Free-TV-Premiere "Verbrannte Erde": Trojan und der Gemälde-Raub heute (09.02.2026) auf ARTE

© Reinhold Vorschneider / Schramm Film
Eine lang erwartete Rückkehr feiert das deutsche Genrekino heute (09.02.2026) um 21:55 Uhr auf ARTE, wenn der Kriminalfilm "Verbrannte Erde" seine Free-TV-Premiere feiert. Regisseur Thomas Arslan knüpft mit diesem Werk an seinen Erfolg "Im Schatten" aus dem Jahr 2010 an und schickt den charismatischen Einzelgänger Trojan erneut durch die nächtlichen Straßen Berlins. Mišel Matičević verkörpert diesen Berufsverbrecher der alten Schule mit einer stoischen Ruhe, die an die großen Schattengestalten des Kinos erinnert - etwa an den wortkargen Fahrer aus dem Kultfilm "Drive". Es ist ein Film für Zuschauer, die eine klare, schnörkellose Inszenierung schätzen und sich gerne auf die kühle Ästhetik eines modernen Großstadt-Westerns einlassen.

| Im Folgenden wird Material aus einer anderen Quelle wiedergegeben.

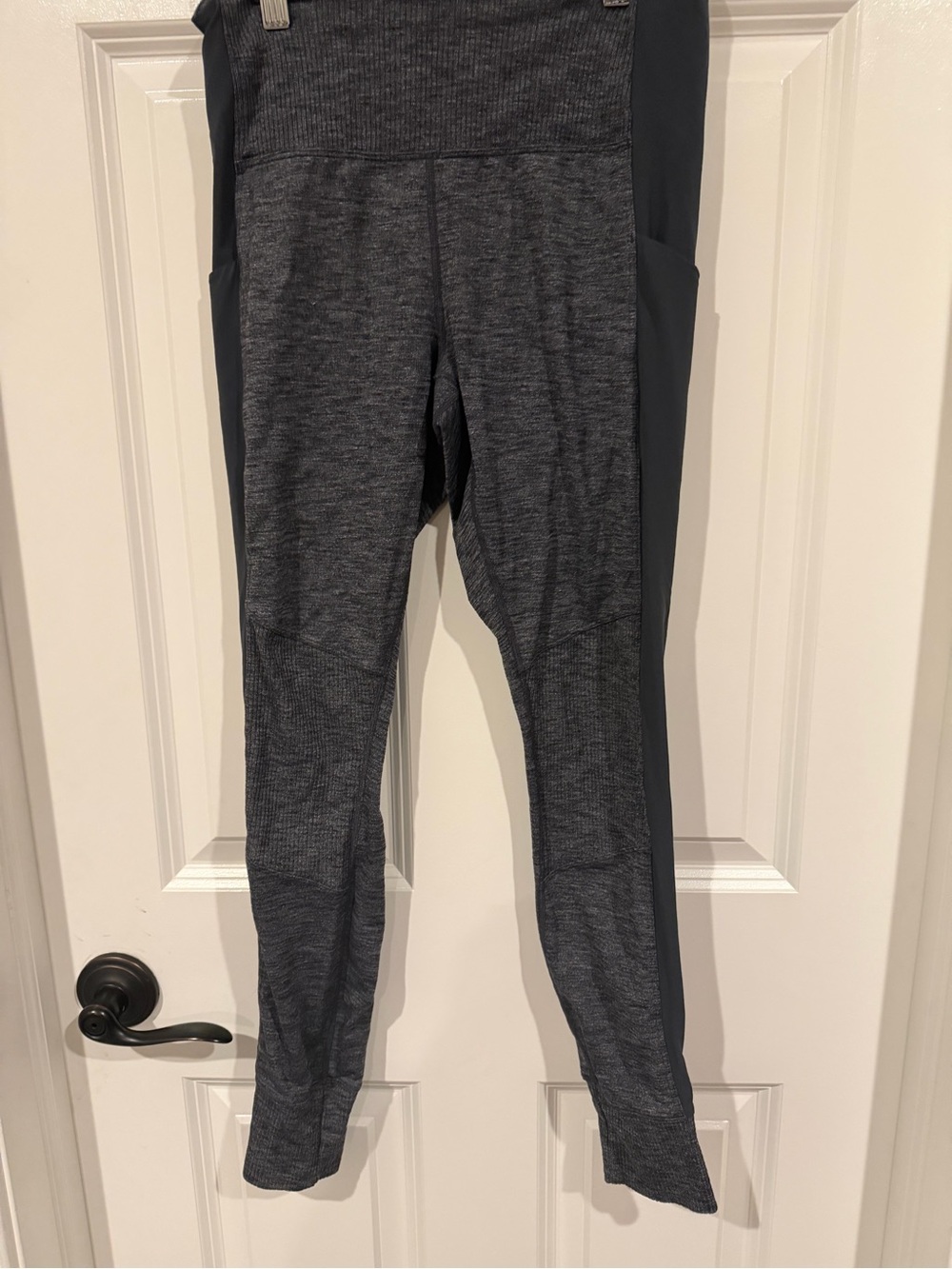 Athleta Heather Charcoal Gray Leggings with Dark Side Panels S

Das Ende einer Ära und der letzte große Coup
Nach 14 Jahren Abwesenheit zieht es Trojan zurück in die deutsche Hauptstadt, doch die Welt der Kriminalität hat sich grundlegend gewandelt. Die Zeiten, in denen der Verkauf gestohlener Luxuswaren ein sicheres Geschäft war, scheinen vorbei, da Käufer den Handel mit physischen Gütern zunehmend scheuen. Über die Vermittlerin Rebecca (Marie-Lou Sellem) erhält der klamme Profi jedoch ein Angebot, das alle finanziellen Sorgen beseitigen könnte: Der Diebstahl eines wertvollen Gemäldes von Caspar David Friedrich steht im Raum. Gemeinsam mit seinem alten Weggefährten Luca (Tim Seyfi), der versierten Fahrerin Diana (Marie Leuenberger) und dem Cyber-Experten Chris (Bilge Bingül) stellt Trojan ein Team zusammen, das den riskanten Plan in die Tat umsetzt. Doch die Hoffnung auf das schnelle Geld zerschlägt sich jäh, als sich der Auftraggeber Victor (Alexander Fehling) als skrupelloser Verräter entpuppt, der nicht im Traum daran denkt, die Beute ehrlich zu bezahlen.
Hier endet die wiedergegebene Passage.